++++ Provided data ++++

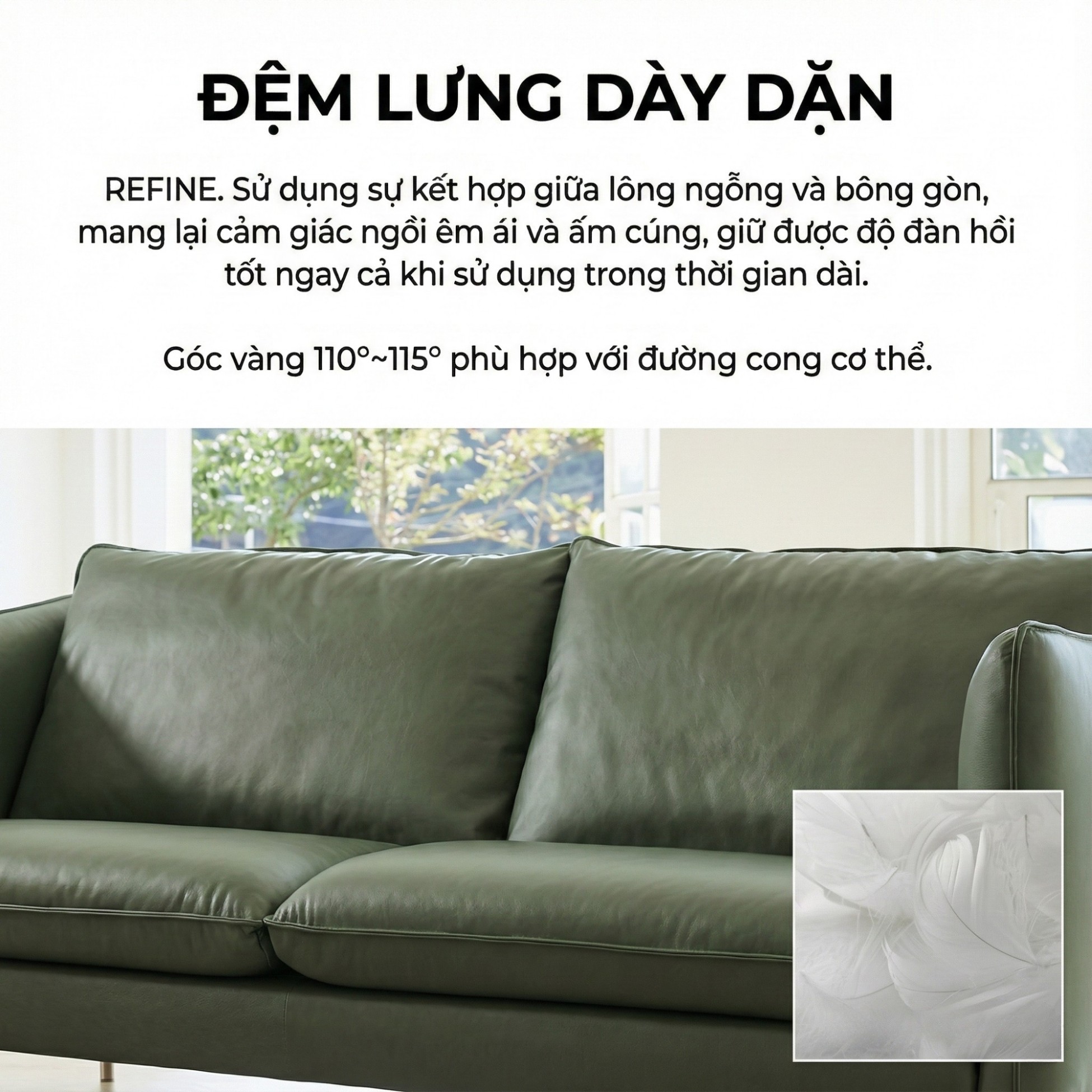 Sofa REFINE – Sofa Da Cao Cấp Ấm Áp Cho Phòng Khách Hiện Đại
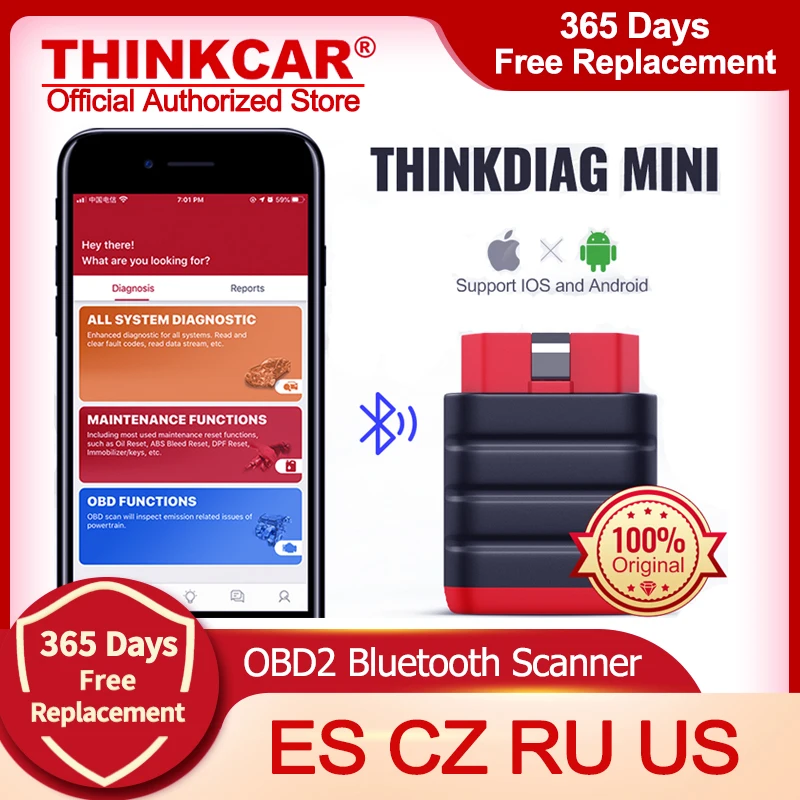 THINKCAR Thinkdiag Мини OBD2 сканер профессиональный Bluetooth автомобильный диагностический
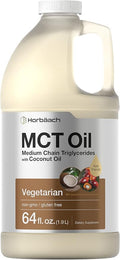 Horbäach MCT Oil 64 oz | 100% Pure | Blends with Coffee Tea Juice and Liquids | Value Size Unflavored Formula | Keto Vegetarian Non-GMO and Gluten Free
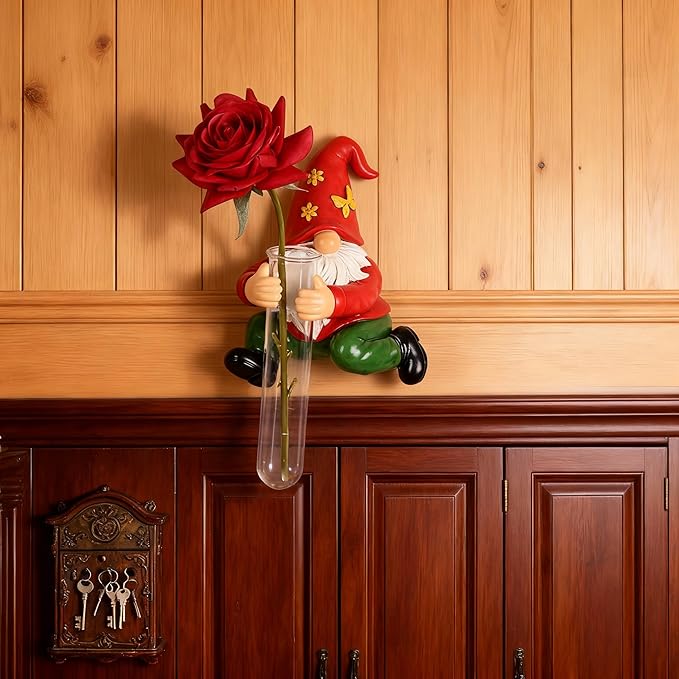Wall Gnome Statue-Unique Wall Growers Sculpture,Cute Gnome Vase,Outdoor Tree Decorations,Patio Yard Lawn Porch Decor,Garden Ornament Gift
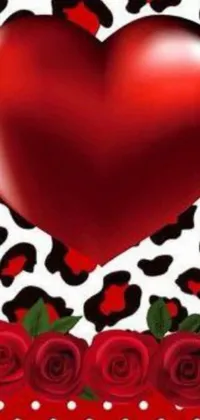 Check out this wild and passionate phone live wallpaper! Featuring a heart and roses over a leopard-print background, this design is animated with falling roses and a beating heart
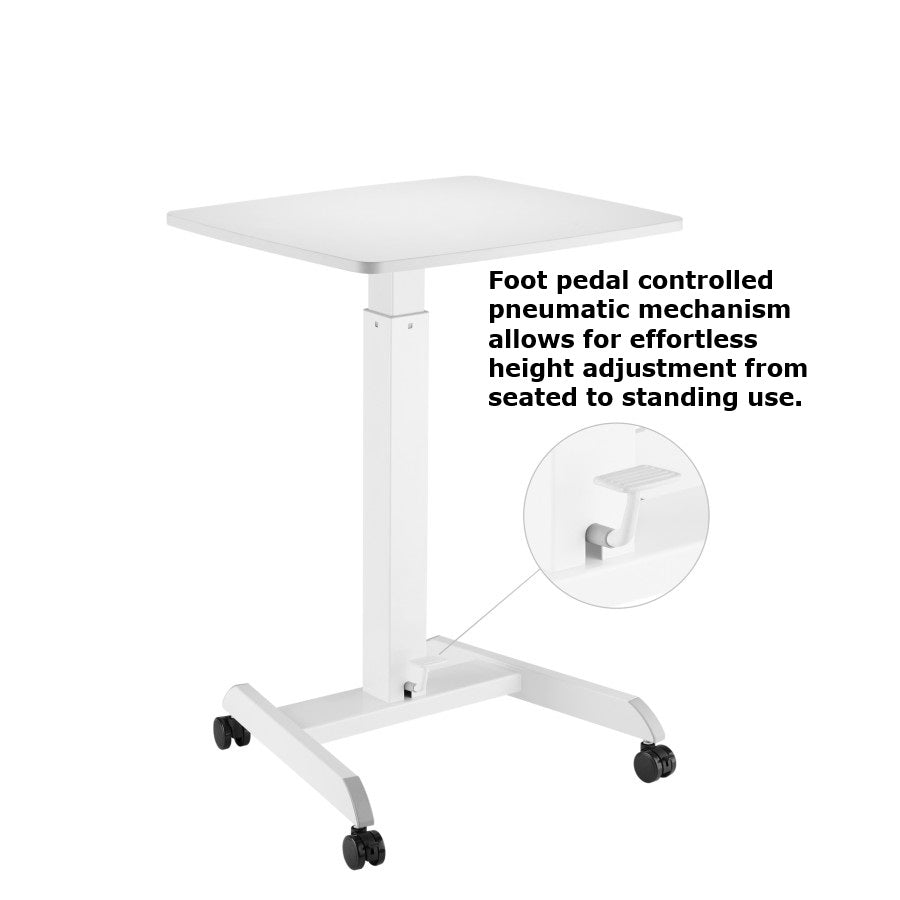 Kantek Mobile Height Adjustable Sit Stand Desk, Compact
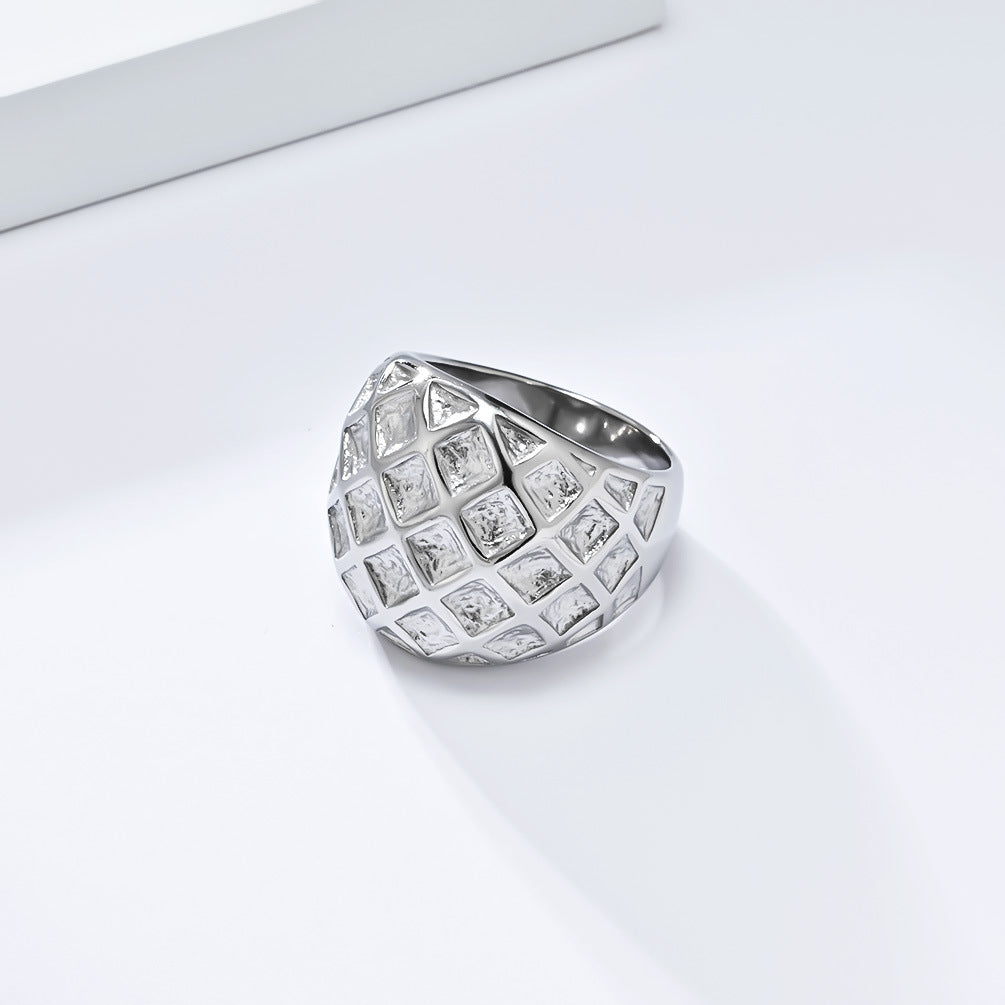 Planderful Everyday Genie Gold Plated Honeycomb Titanium Steel Ring For Daily Wear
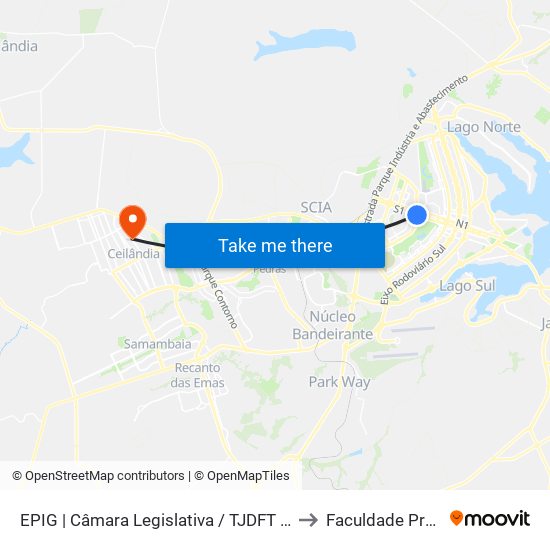 EPIG | Câmara Legislativa / TJDFT / CLUBE FM to Faculdade Projeção map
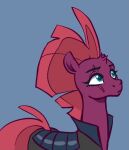  armor blue_background blue_eyes broken_horn equid equine eye_scar eyebrows eyelashes facial_scar female feral friendship_is_magic hasbro horn mammal mane my_little_pony my_little_pony:_the_movie_(2017) nadnerbd pink_mane pink_tail purple_body scar simple_background solo tempest_shadow_(mlp) unicorn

++++

[Task item]
Could you return each line, unchanged, from the line containing "EPIG | Câmara" through the last line of the entries above, leaving out the pictures?

[Solved exercise]
 EPIG | Câmara Legislativa / TJDFT / CLUBE FM to Faculdade Projeção map
  armor blue_background blue_eyes broken_horn equid equine eye_scar eyebrows eyelashes facial_scar female feral friendship_is_magic hasbro horn mammal mane my_little_pony my_little_pony:_the_movie_(2017) nadnerbd pink_mane pink_tail purple_body scar simple_background solo tempest_shadow_(mlp) unicorn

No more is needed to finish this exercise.